OK. I am a huge fan. I turn to Carlos Gavito for a succinct quote, I play his instruction videos for classes and even - in my most deluded moments, attempt to model my dancing after him. All of which is somewhat weird as he died about the same time I started dancing, and much of his stylizing is inimitable and out of current dance fashion - some for good reason. Consider the peculiar hand positioning and also the severe lean of the partners into each other, (neither posture is recommended by chiropractors).
Yet there is something captivating and deeply inspiring about not only his dancing but his reflections on tango. He digs into the core of what makes tango so special and intriguing, putting this into words with the same precision with which he dances.
To be clear, his most memorable performances and dances were with Marcela Duran, who was an equally important part of the duo. Gavito’s dancing with other partners (at least as viewable on Youtube) is not nearly as engaging or captivating.
During the 90’s Gavito and Duran toured as headliners for with “Forever Tango”, the tango extravaganza. Check out one of their celebrated performances.

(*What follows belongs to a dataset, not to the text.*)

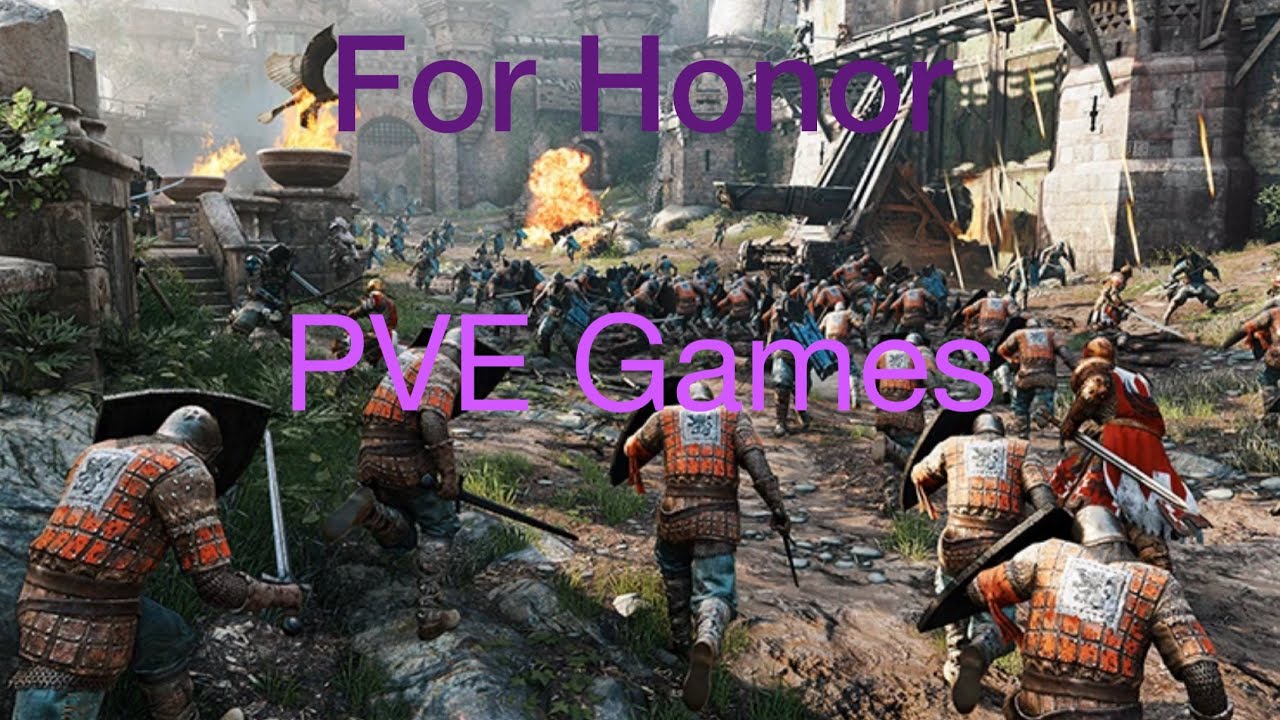 For Honor PVE Gameplay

It should be noted that these are dramatic presentations and tell a story and are not to be presumed to reflect social tango. Marcela gives some insight into the background of these performances in this Youtube video .
A more traditional example of performance tango can be found here. What makes their dancing most engaging is the infusion of what Gavito refers to as “feeling”. This intensity of feeling is expressed so succinctly in their dancing and movements; Even the simplest or most basic steps are executed in such a way as to convey the impression that the step was not the important thing but rather the feeling expressed through the step. In fact, it often appears as if the step was a by-product of the emotional intensity that was brewing in the stillness a moment prior.

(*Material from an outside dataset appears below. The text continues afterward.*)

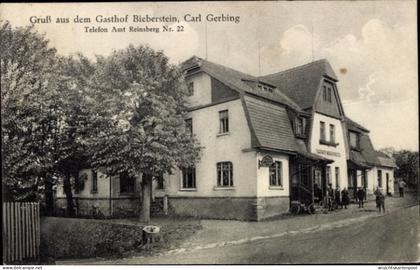 CPA Bieberstein Reinsberg in Sachsen, Gasthof Bieberstein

Then, when they could not contain the intensity anymore, they had to release it at precisely the last moment. This is achieved stylistically with precision timing in which both wait until the last nano-second before committing to the step.
Gavito celebrates this process of shaping the space between the steps as the essence of tango. “The secret of tango is in this moment of improvisation that happens between step and step. It is to make the impossible thing possible: to dance silence.”

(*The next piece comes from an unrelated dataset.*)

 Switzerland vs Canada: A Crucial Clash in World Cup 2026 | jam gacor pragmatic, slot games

I cannot watch Carlos Gavito and Marcela Duran dance without being reminded of my favourite piano player, from the same age, Glenn Gould who had a similar style on the keyboard. He had the remarkable ability to create a space between each note he played no matter how fast he played them. The effect is not simply the clarity but a sense of valuing of each note that is given through precision timing; We are captivated in the inexhaustible beauty of the moment.
This ultimately ties me deeper to my spiritual roots, which esteems the eternal now as the occasion in which one experiences the divine. Only when we give our total focus to the present are we transported beyond the particulars and limitations of this realm to where the physical and spiritual blend in perfection.